###### February 2021 Issue

##### Research Highlights

# Innovative automated control systems: Control-theoretic approach for fast online reinforcement learning

Reinforcement Learning (RL) is an effective way of designing model-free linear quadratic regulators (LQRs) for linear time-invariant networks with unknown state-space models. RL has wide ranging applications including industrial automation, self-driving automobiles, power grid systems, and even forecasting stock prices for financial markets.

However, conventional RL can result in unacceptably long learning times when network sizes are large. This can pose a serious challenge for real-time decision-making.

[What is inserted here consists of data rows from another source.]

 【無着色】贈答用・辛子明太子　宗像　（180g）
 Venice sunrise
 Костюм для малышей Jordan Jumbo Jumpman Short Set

Tomonori Sadamoto at the University of Electro-Communications, Aranya Chakrabortty at North Carolina State University, USA, and Jun-ichi Imura at the Tokyo Institute of Technology have proposed a fast RL algorithm that enables online control of large-scale network systems.

Their approach is to construct a compressed state vector by projecting the measured state through a projection matrix. This matrix is constructed from online measurements of the states in a way that it captures the dominant controllable subspace of the open-loop network model. Next, a RL-controller is learned using the reduced-dimensional state instead of the original state such that the resultant cost is close to the optimal LQR cost.

The lower dimensionality of this approach enables a drastic reduction in the computational complexity for learning. Moreover, stability and optimality of the control performance are theoretically evaluated using robust control theory by treating the dimensionality-reduction error as an uncertainty. Numerical simulations through a 100-dimensional large-scale power grid model showed that the learning speed improved by almost 23 times while maintaining control performance.

The main contribution of the paper is to show how two individually well-known concepts in dynamical system theory and machine learning, namely, model reduction and reinforcement learning, can be combined to construct a highly efficient real-time control design for extreme-scale networks.